Con un punto de partida perturbador donde los haya, El domador de leones se retuerce en su propio veneno para encontrar la salida después en múltiples direcciones; algunas vías terminan en callejones sin salida, otras en dobles sentidos, otras en carreteras secundarias y unas pocas, ocultas por la nieve, van a parar a un final inesperado del que no diremos más para no desactivar un suspense que es la propia esencia del libro. Läckberg, hija de su época literaria, articula la trama de una manera que si bien no es especialmente novedosa -la narración a través de múltiples subtramas que discurren en paralelo para converger al final es una constante a la que ya estamos bastante acostumbrados-, cumple con las expectativas del lector: poder disfrutar de una historia que desmonte sus conclusiones y le obligue a leer hasta la última página para entender el misterio en su totalidad.

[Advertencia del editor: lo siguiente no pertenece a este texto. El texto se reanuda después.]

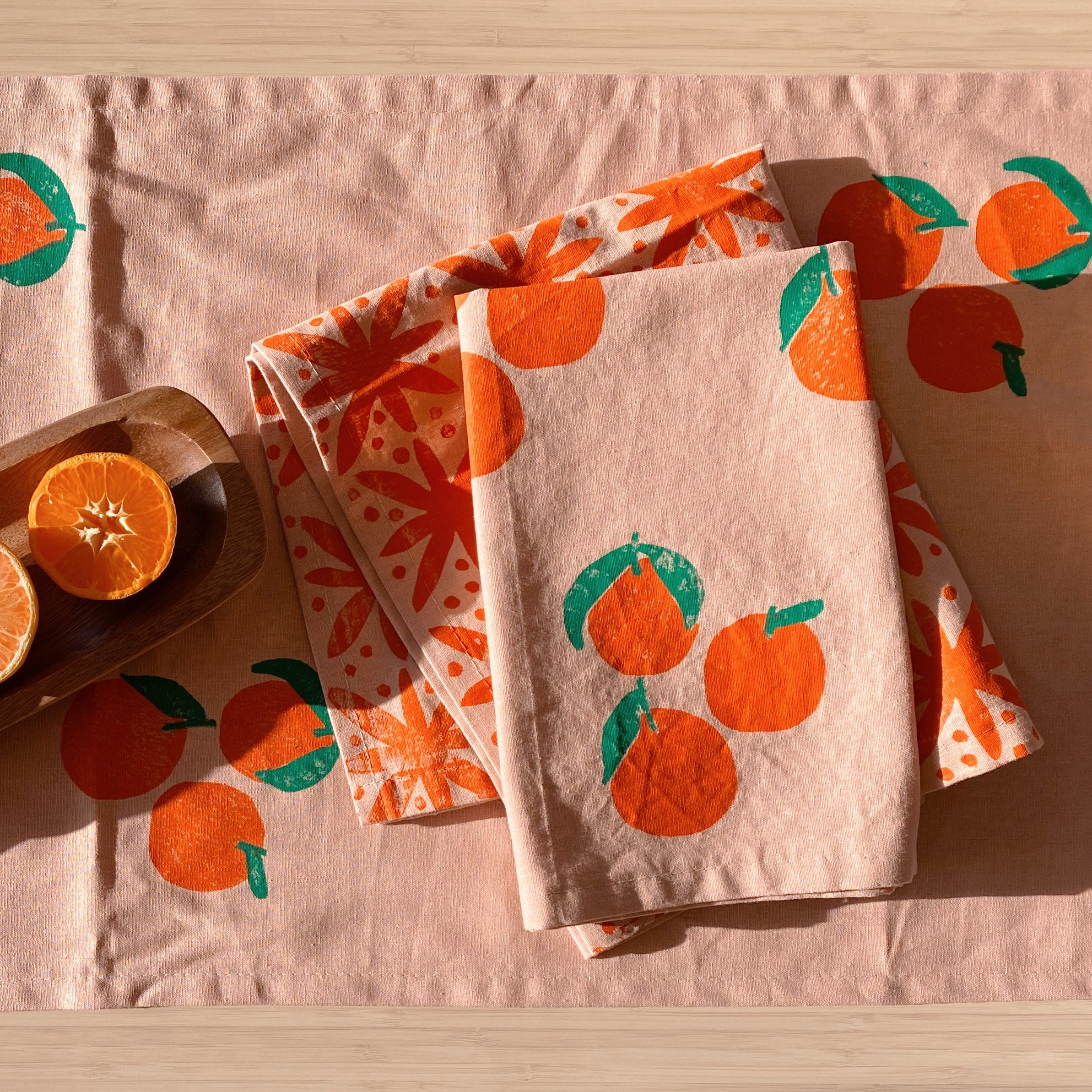 Linen Dinner Napkins. Blush Tangerines. Hand Block Printed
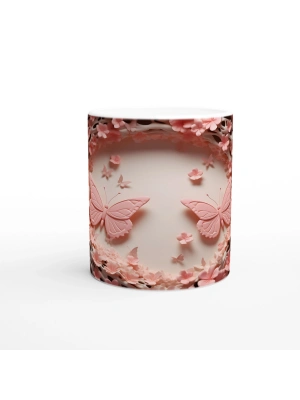 Çiçeklerin Kalbinde Dans Eden İkili Kelebek Temalı Baskılı Kupa Bardak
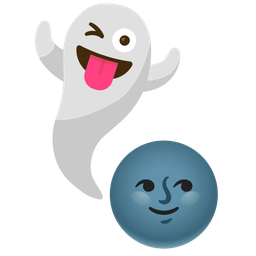 new moon face and ghost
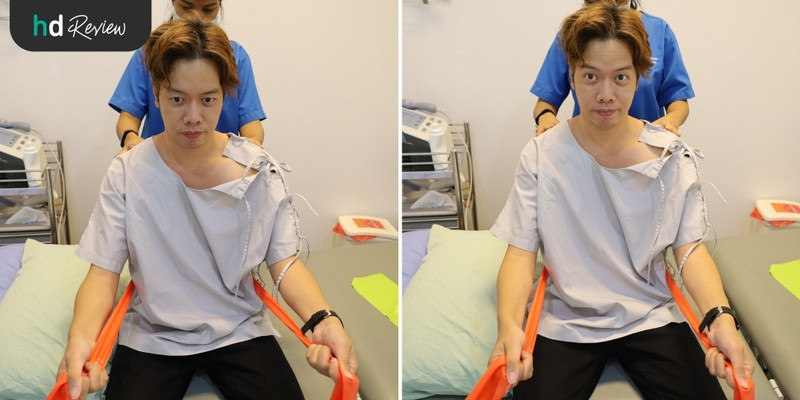 ภาพขั้นตอนการยืดกล้ามเนื้อเพื่อลดความตึง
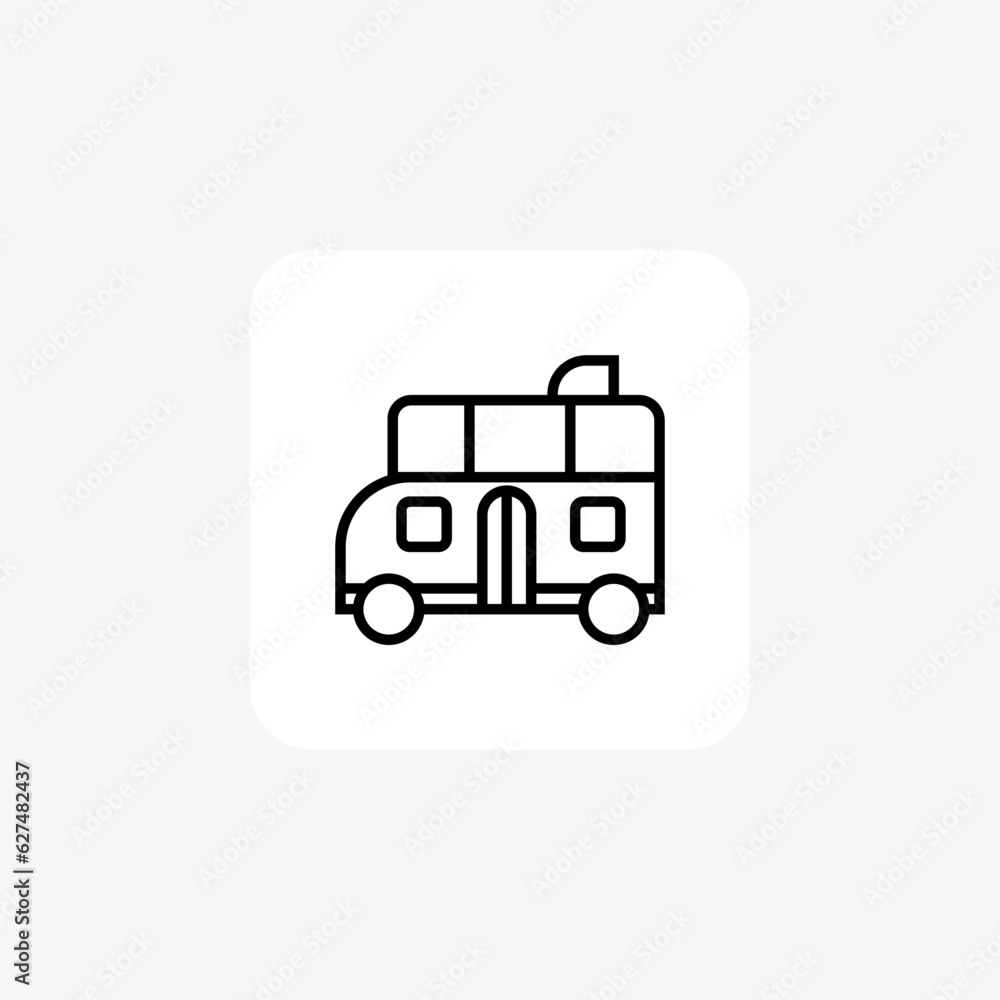 Travler Van, Adventure, Travel Vector Line Icon Travler Van, Adventure, Travel Vector Line Icon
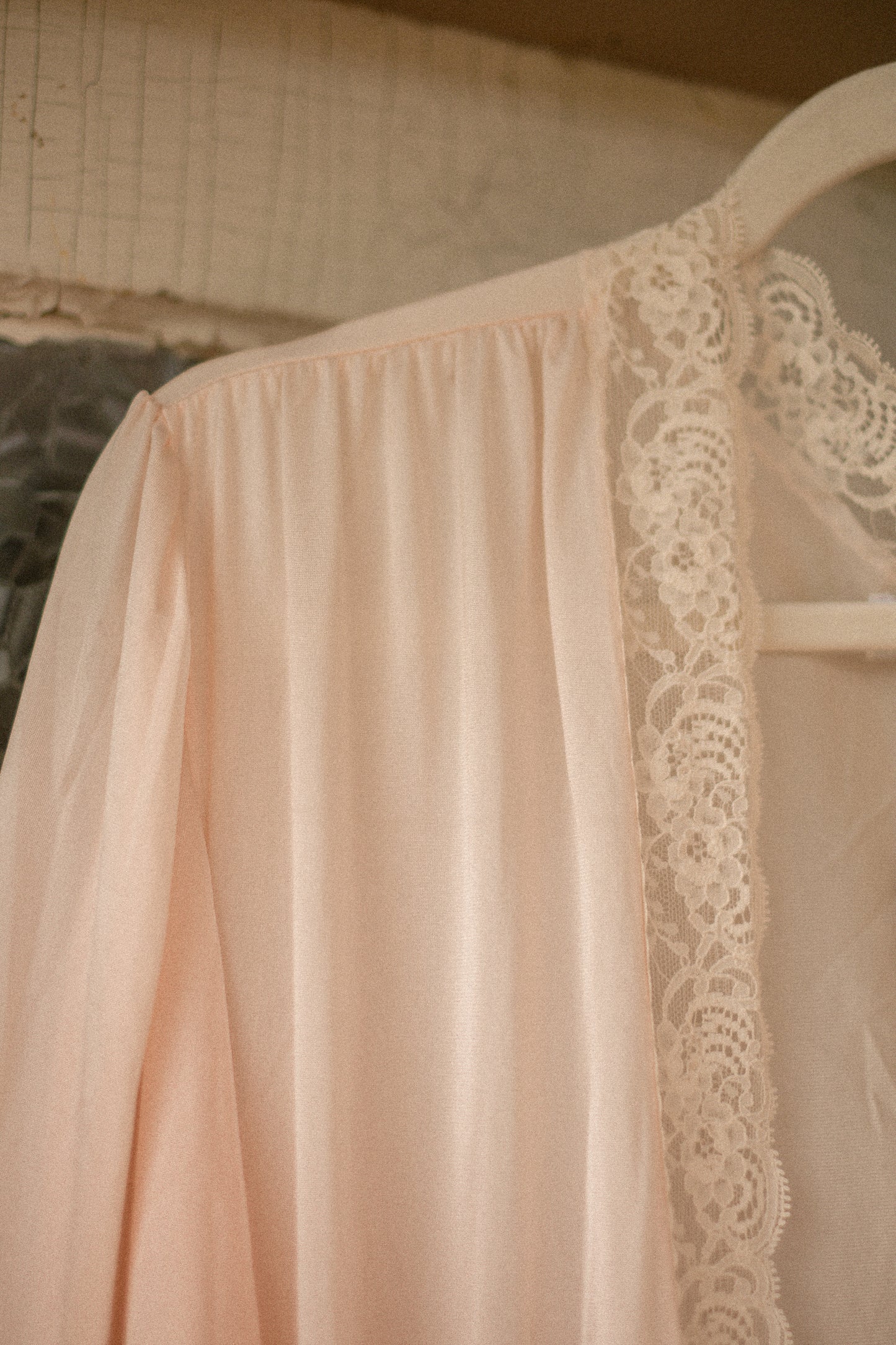 Vintage lace trimmed baby pink robe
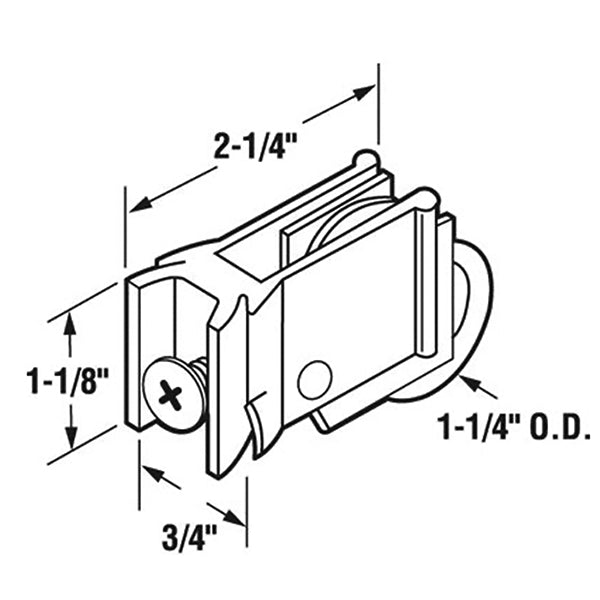 Sliding Door Roller - 1-1/4 Inch Steel - Concave | Patio Door Parts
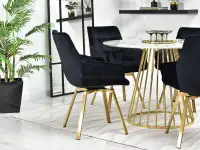Krzesło tapicerowane welurem ARUBA CZARNY - ZŁOTA podstawa - możliwość obracania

Tal vez, eso sí, la autora abuse más de la cuenta de la coincidencia -aunque siempre es cierto aquello de que la realidad supera a la ficción e incluso hasta lo más rocambolesco es posible-, y quizás lo que se presenta como una cadena de acontecimientos relacionados entre sí tenga algo de deus ex machina necesario para que la novela llegue a buen puerto. Tal vez también los cliffhangers -ese recurso narrativo consistente en terminar un capítulo o un fragmento con la promesa de un gran descubrimiento- se vuelvan repetitivos a medida que avanzamos en la recta final del libro. En cualquier caso, El domador de leones es una buena opción en lo que a lecturas entretenidas se refiere, un título con densidad suficiente para completar unas vacaciones que no se pliega a los finales felices ni a los cierres absolutos. Porque el mundo no siempre es bonito, ni claro, ni tranquilizador.